ChatGPT has triggered a gold rush of companies planning some implementation of a large language model (LLM) to transform their business. The driver of many of these initiatives is “We have to (fill in the blanks) with this, or we’ll be left behind.”
Sounds familiar? Consider this:
- At the VentureBeat Transform conference a few years ago, Chris Chapo, SVP of data and analytics at Gap, observed that about 87% of AI projects never make it into production. That’s a huge hit to the bottom line, both in outright expense and opportunity cost.
- In October 2020, Gartner reported that only 53% of projects make it from prototype to production. Getting an AI project from proof of concept to prototype is a challenge which may explain the difference between Chris Chapo’s estimate and Gartner’s.

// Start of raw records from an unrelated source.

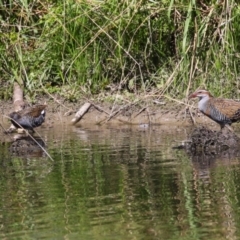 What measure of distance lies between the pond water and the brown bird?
95 cm

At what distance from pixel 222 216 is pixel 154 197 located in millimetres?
958

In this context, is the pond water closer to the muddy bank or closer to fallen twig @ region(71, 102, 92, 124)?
the muddy bank

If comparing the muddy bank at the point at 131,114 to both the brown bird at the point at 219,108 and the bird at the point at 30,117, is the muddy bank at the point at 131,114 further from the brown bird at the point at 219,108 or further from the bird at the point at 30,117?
the bird at the point at 30,117

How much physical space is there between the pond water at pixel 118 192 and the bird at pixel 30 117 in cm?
103

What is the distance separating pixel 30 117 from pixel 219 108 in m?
2.48

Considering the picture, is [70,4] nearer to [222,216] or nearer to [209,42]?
[209,42]

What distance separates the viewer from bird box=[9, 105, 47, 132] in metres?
12.7

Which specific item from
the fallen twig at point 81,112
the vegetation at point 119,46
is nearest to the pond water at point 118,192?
the fallen twig at point 81,112

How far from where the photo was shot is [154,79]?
14031 mm

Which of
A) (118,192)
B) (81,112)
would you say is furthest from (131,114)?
(118,192)

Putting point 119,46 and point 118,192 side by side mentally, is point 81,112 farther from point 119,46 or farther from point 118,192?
point 118,192

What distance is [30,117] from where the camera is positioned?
12.8 metres

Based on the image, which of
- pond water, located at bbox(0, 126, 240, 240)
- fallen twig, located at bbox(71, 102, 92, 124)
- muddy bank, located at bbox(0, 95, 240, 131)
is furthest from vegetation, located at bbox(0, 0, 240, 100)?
pond water, located at bbox(0, 126, 240, 240)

- A 2022 KDnuggets poll revealed that the majority of data scientists say that only 0 to 20% of models are ever deployed. In other words, most say that 80% or more of their projects stall before deploying an AI model.

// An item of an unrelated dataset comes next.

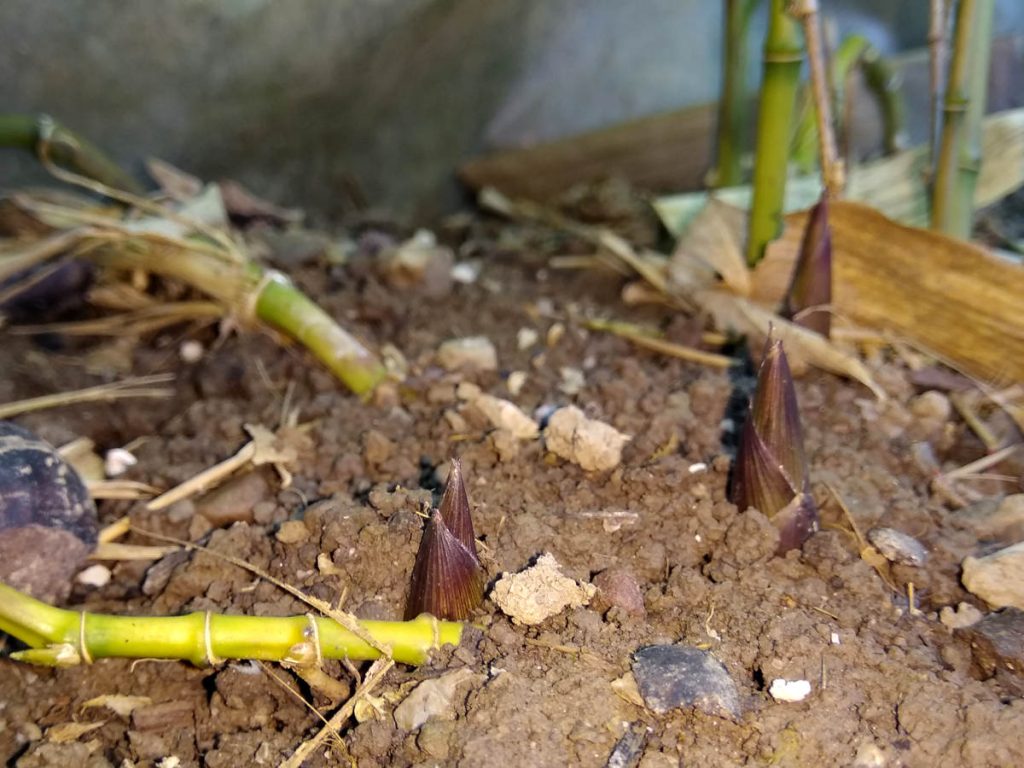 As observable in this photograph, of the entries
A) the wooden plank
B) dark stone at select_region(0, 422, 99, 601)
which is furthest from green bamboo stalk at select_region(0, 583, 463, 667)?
the wooden plank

There’s real value being made through generative AI that isn’t always released because it just sits on a shelf. So how does a company use AI to get ahead of the competition but not get tripped up by a failed implementation?
In my experience, the lack of coordination and collaboration between executive management, product development, engineering, and data scientists, and, critically, access to the necessary data, are the main drivers of failure. All of these problems can be mitigated by the formation and involvement of an AI Governance Team at the ideation stage and project milestones.

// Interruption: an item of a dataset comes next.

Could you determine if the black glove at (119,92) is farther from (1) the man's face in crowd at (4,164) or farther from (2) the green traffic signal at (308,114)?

An AI Governance Team keeps initiatives on track
An AI Governance Team is a group of stakeholders composed of representatives from the various company departments who have been given the mandate to vet projects that have advanced beyond the ideation phase, but before they are greenlighted for investment in a prototype, and to reexamine them at specific milestones to confirm they are worthy of continued investment.
In my experience, the team must include representatives from data science, engineering, legal, security, finance, and of course, marketing and sales. Bring in any one of them after work starts on a project, and there’s a good chance the results will be the project’s delay or cancellation.
Product & Design: In most organizations I’ve worked with this group “owns” the roadmap. They typically have overall responsibility for refining the use case and connecting the effort to real value. A product manager will likely have the responsibility of monitoring progress from ideation through deployment.
Data Science: This seems obvious, but I’ve seen instances where the data science team was told what to produce after the project was put on the roadmap. In the most egregious case, creating the proposed AI model was simply impossible with the available data, in-house or public. After multiple rounds of “do it” and “we can’t,” the proposal was dropped. Two valuable members of the data science team resigned in the process.
Engineering: I can’t over emphasize the need to carefully examine the engineering requirements before greenlighting an AI project. Almost certainly, the most expensive components of getting a project from ideation to deployment will be meeting requirements for accessing and preparing data, integrating the models with existing applications, monitoring and managing the model performance.
Security: Their signoff is a prerequisite to deployment. Even the CEO is unlikely to (or simply can’t) override it.
Finance: AI projects tend to be expensive. Often, after you factor in the engineering costs, you’ve identified during the Guild review, way more costly than when the idea was first proposed. Someone from finance can help model the impact on the bottom line.
Marketing and Sales: After finance has tallied up the anticipated costs and, hopefully, factored in what I’ve found inevitable cost overruns, you should have a reasonable estimate of what you’ll need to charge. Will your customers or prospects buy it?
I think a good analogy here is a steel plate with rivets that connects two beams in a long span. If any of the rivets are missing, the span is weakened. Too many missing rivets and the span can fail catastrophically. I suggest you apply this analogy to the formation of the AI Governance Team with each of the above team members representing a “rivet” in your span that connects AI ideation to deployment.
It’s also important when creating the Team to add a moderator to the mix for the first few meetings. This participant has the experience necessary to help members from disparate disciplines understand each other and their roles in the Team. The ideal candidate will have the skills and expertise in business/product, engineering and data science.
This individual may exist in your organization. If not, consider engaging a third party to provide that leadership and objectivity.
While ChatGPT and other LLMs are shiny new AI objects, and the subject of overwhelming hype, they are not the only AI game in town. There are many ways other AI tools can and are being used to contribute to corporate success. That makes having an AI Governance Team the ideal way to avoid stagnation, the high cost of failed projects, and the legal and security risks associated with poorly deployed AI projects.